When it came to death, Doris Day's attitude was anything but whatever will be, will be.

The 97-year-old Hollywood legend, who died from pneumonia on Monday, "didn't like death," according to her manager Bob Bashara.

The Academy Award-nominated star of "Pillow Talk" explicitly stated in her will that her death was not to be commemorated.

"No funeral, no memorial and no marker," said Bashara, who believed another reason behind Day's final wishes is that she was a "very shy person."

The singer-actress became a Christian Scientist in 1951, when she married the third of her four husbands, Martin Melcher.
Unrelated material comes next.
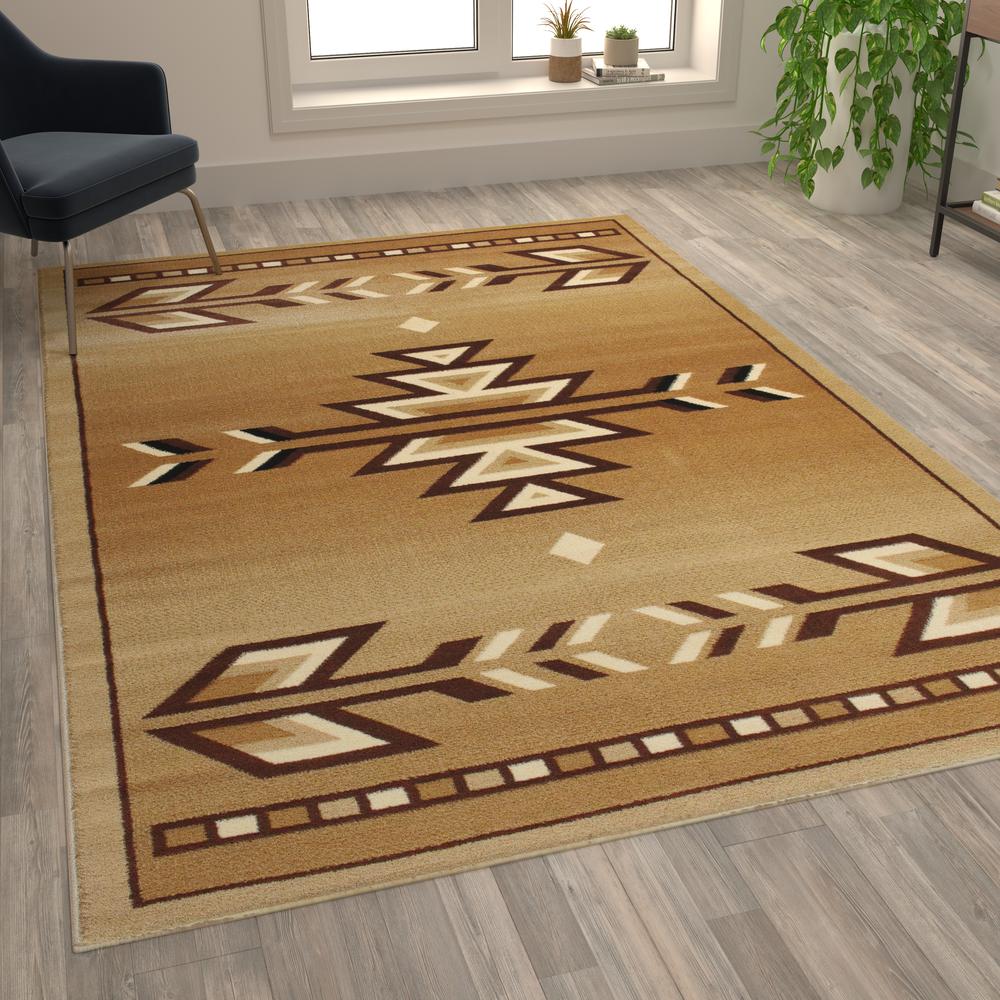 Southwestern 6' x 9' Brown Area Rug - Olefin Rug. Picture 5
Despite straying from the religion after his 1968 death, she remained close to God.

"She believed in God, and she thought her voice was God-given," explained Bashara. "She would say, 'God gave me a voice, and I just used it.'"

Day ensured her numerous pets would be well taken care, according to her will. The remaining bulk of her estate will be donated to charity.

"I'd say we need to provide for her dog (after she died) and she'd say, 'I don't want to think about it' and she said, 'Well, you just take care of them,'" Bashara told People. "She had several when her will was written, and she wanted to be sure they were taken care of. She didn't like to talk about the dogs dying."

Her fans are being encouraged to support the Doris Day Animal Foundation through donations.